Prevalence of mild cognitive impairment in employable patients after acute coronary event in cardiac rehabilitation
Authors Salzwedel A, Heidler MD, Haubold K, Schikora M, Reibis R, Wegscheider K, Jöbges M, Völler H
Received 31 August 2016
Accepted for publication 21 December 2016
Published 23 February 2017 Volume 2017:13 Pages 55—60
Checked for plagiarism Yes
Review by Single anonymous peer review
Peer reviewer comments 2
Editor who approved publication: Dr Daniel A. Duprez
Annett Salzwedel,1 Maria-Dorothea Heidler,1,2 Kathrin Haubold,1 Martin Schikora,2 Rona Reibis,3 Karl Wegscheider,4 Michael Jöbges,2 Heinz Völler1,5
1Center for Rehabilitation Research, University of Potsdam, Potsdam, 2Brandenburg Klinik, Bernau, 3Cardiological Outpatient Clinic, Am Park Sanssouci, Potsdam, 4Institute for Medical Biometry and Epidemiology, University Medical Center Hamburg-Eppendorf, Hamburg, 5Klinik am See, Rüdersdorf, Germany
Introduction: Adequate cognitive function in patients is a prerequisite for successful implementation of patient education and lifestyle coping in comprehensive cardiac rehabilitation (CR) programs. Although the association between cardiovascular diseases and cognitive impairments (CIs) is well known, the prevalence particularly of mild CI in CR and the characteristics of affected patients have been insufficiently investigated so far.

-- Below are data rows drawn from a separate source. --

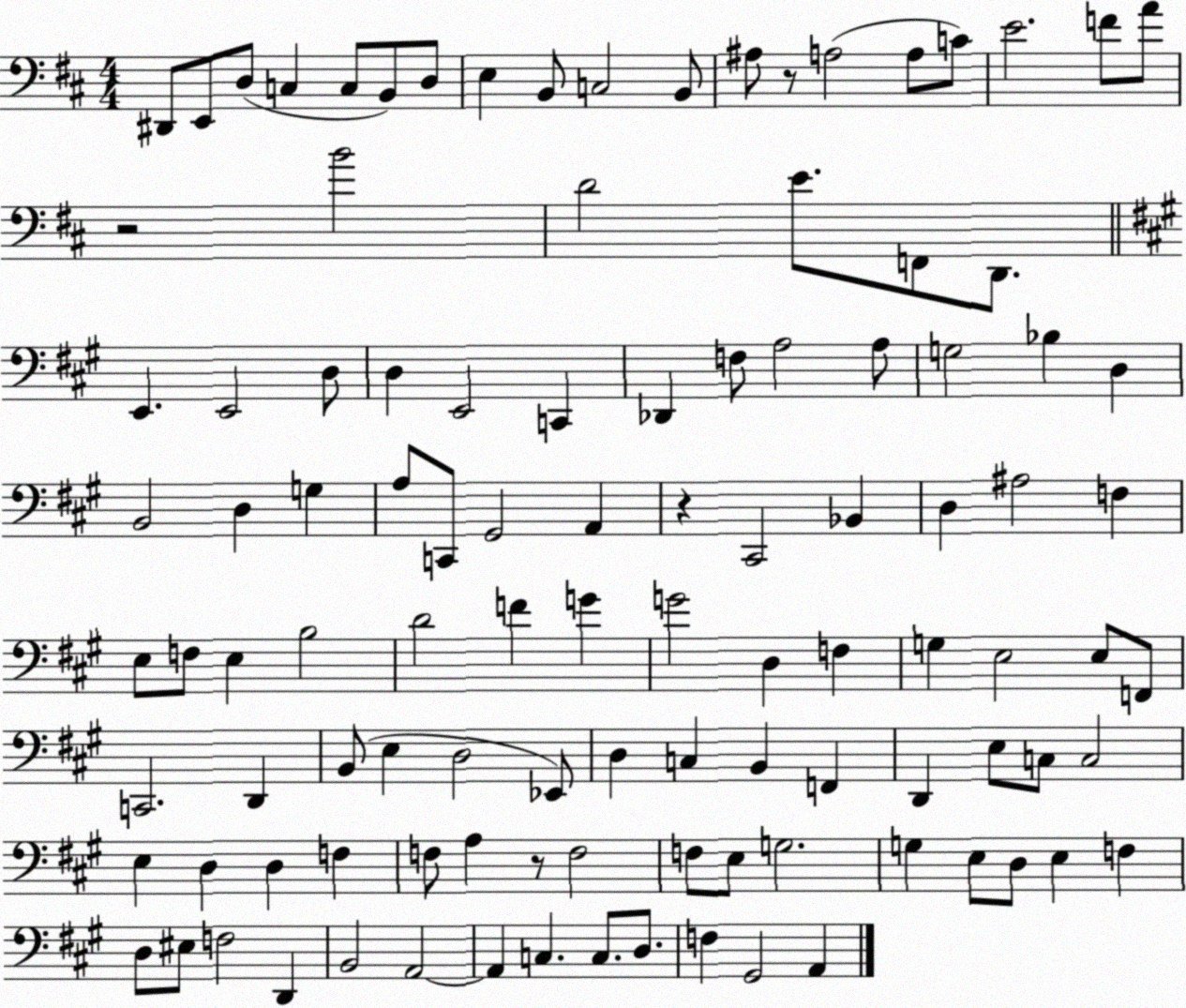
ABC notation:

X:1
T:Untitled
M:4/4
L:1/4
K:D
^D,,/2 E,,/2 D,/2 C, C,/2 B,,/2 D,/2 E, B,,/2 C,2 B,,/2 ^A,/2 z/2 A,2 A,/2 C/2 E2 F/2 A/2 z2 B2 D2 E/2 F,,/2 D,,/2 E,, E,,2 D,/2 D, E,,2 C,, _D,, F,/2 A,2 A,/2 G,2 _B, D, B,,2 D, G, A,/2 C,,/2 ^G,,2 A,, z ^C,,2 _B,, D, ^A,2 F, E,/2 F,/2 E, B,2 D2 F G G2 D, F, G, E,2 E,/2 F,,/2 C,,2 D,, B,,/2 E, D,2 _E,,/2 D, C, B,, F,, D,, E,/2 C,/2 C,2 E, D, D, F, F,/2 A, z/2 F,2 F,/2 E,/2 G,2 G, E,/2 D,/2 E, F, D,/2 ^E,/2 F,2 D,, B,,2 A,,2 A,, C, C,/2 D,/2 F, ^G,,2 A,,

Methods: In this prospective observational study, 496 patients (54.5 ± 6.2 years, 79.8% men) with coronary artery disease following an acute coronary event (ACE) were analyzed. Patients were enrolled within 14 days of discharge from the hospital in a 3-week inpatient CR program. Patients were tested for CI using the Montreal Cognitive Assessment (MoCA) upon admission to and discharge from CR. Additionally, sociodemographic, clinical, and physiological variables were documented. The data were analyzed descriptively and in a multivariate stepwise backward elimination regression model with respect to CI.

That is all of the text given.